This is the mail archive of the libc-alpha@sourceware.org mailing list for the glibc project.


Index Nav: [Date Index] [Subject Index] [Author Index] [Thread Index]
Message Nav: [Date Prev] [Date Next] [Thread Prev] [Thread Next]
Other format: [Raw text]

Bug in wide character fseek/ftell


I'm trying to track down what I believe is a problem in the wide stream seek/tell support. This is reproducible with the head of the trunk.

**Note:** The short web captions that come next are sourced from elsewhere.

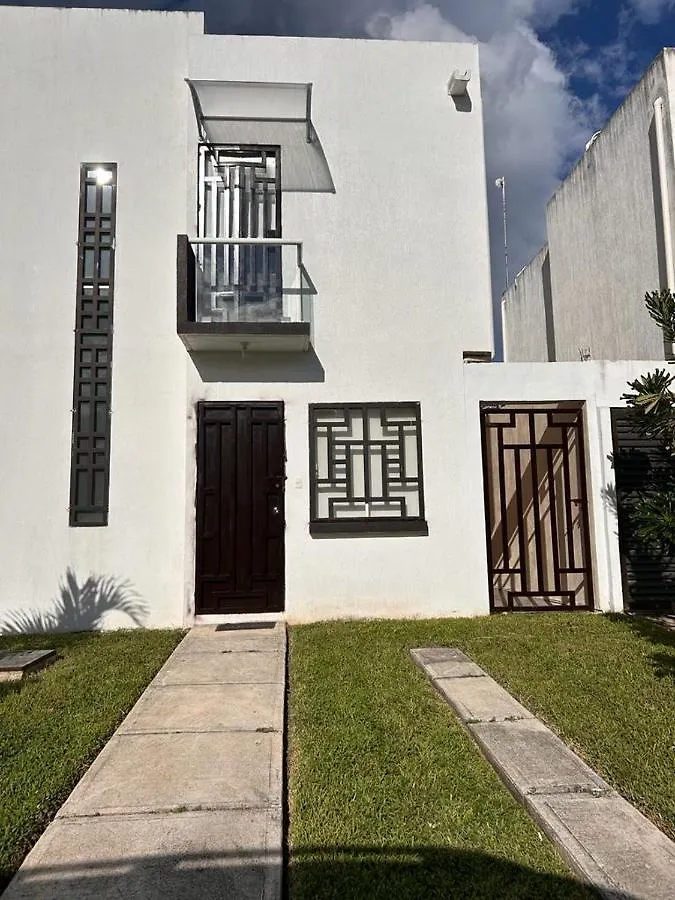 Nyaraló Casa En Real De Las Quintas III Cancún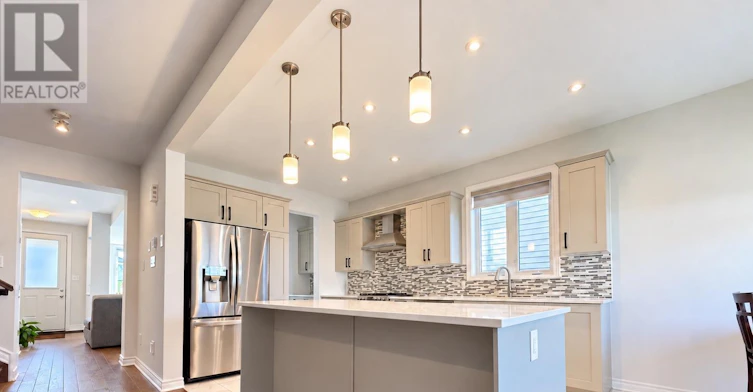 306 Memorial Grove, Ottawa, ON, K1X 0C8 - 4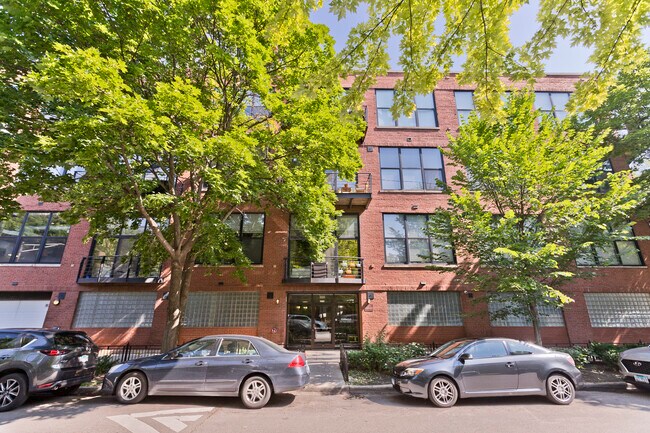property at 2210 W Wabansia Ave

Compile & run the attached test and run against the trunk libc.so (which *must* be able to find its localearchive). You'll get results like:

before=4
fseek=0
after=4

Expected output is

before=4
fseek=4
after=8




If you look at the source you can see that we write a few wide chars, call and print the ftell result (before=4). We then seek to the end of the file, then print the result of a second fell (the result of which is wrong(fseek=0), should be fseek=4)). We then write a few more chars and print the result of a final ftell (after=4, should be after=8)


Walking through the explicit fseek call, everything looks fine to me at the end of the call fseek (fp, 0, SEEK_END):

$10 = {_flags = -72539008, _IO_read_ptr = 0x7ffff7ff6004 "",
_IO_read_end = 0x7ffff7ff6004 "", _IO_read_base = 0x7ffff7ff6000 "abc\n",
_IO_write_base = 0x7ffff7ff6000 "abc\n",
_IO_write_ptr = 0x7ffff7ff6000 "abc\n",
_IO_write_end = 0x7ffff7ff6000 "abc\n",
_IO_buf_base = 0x7ffff7ff6000 "abc\n", _IO_buf_end = 0x7ffff7ff7000 "\017",
_IO_save_base = 0x0, _IO_backup_base = 0x0, _IO_save_end = 0x0,
_markers = 0x0, _chain = 0x7ffff7dd6060, _fileno = 7, _flags2 = 0,
_old_offset = 0, _cur_column = 0, _vtable_offset = 0 '\000', _shortbuf = "",
_lock = 0x6020c0, _offset = 4, __pad1 = 0x602138, __pad2 = 0x6020d0,
__pad3 = 0x0, __pad4 = 0x0, __pad5 = 0, _mode = 1,
_unused2 = '\000' <repeats 19 times>}


The read_ptr/read_end values are 4 bytes into the buffer. _offset is 4, all is good AFAICT.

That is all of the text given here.